● TASK INSTRUCTIONS: Using the entries that follow, write out the line containing "Let us see an", the line containing "So this can", and every line between them, exactly and nothing else.

● MATERIAL FOR THIS TASK:
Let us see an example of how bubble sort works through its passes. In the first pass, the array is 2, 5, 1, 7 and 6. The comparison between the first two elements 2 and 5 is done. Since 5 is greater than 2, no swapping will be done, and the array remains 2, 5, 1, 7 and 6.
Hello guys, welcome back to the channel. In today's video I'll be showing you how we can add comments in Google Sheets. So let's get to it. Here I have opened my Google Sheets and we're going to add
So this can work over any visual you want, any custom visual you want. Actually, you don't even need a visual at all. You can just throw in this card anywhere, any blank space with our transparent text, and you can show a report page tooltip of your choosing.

---

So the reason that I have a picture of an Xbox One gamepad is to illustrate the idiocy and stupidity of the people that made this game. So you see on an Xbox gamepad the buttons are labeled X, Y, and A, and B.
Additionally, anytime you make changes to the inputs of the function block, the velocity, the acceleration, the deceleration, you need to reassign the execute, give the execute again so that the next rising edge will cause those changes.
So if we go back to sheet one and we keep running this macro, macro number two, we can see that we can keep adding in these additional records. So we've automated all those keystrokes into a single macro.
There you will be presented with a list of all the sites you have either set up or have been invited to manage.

● PROBLEM SOLUTION:
Let us see an example of how bubble sort works through its passes. In the first pass, the array is 2, 5, 1, 7 and 6. The comparison between the first two elements 2 and 5 is done. Since 5 is greater than 2, no swapping will be done, and the array remains 2, 5, 1, 7 and 6.
Hello guys, welcome back to the channel. In today's video I'll be showing you how we can add comments in Google Sheets. So let's get to it. Here I have opened my Google Sheets and we're going to add
So this can work over any visual you want, any custom visual you want. Actually, you don't even need a visual at all. You can just throw in this card anywhere, any blank space with our transparent text, and you can show a report page tooltip of your choosing.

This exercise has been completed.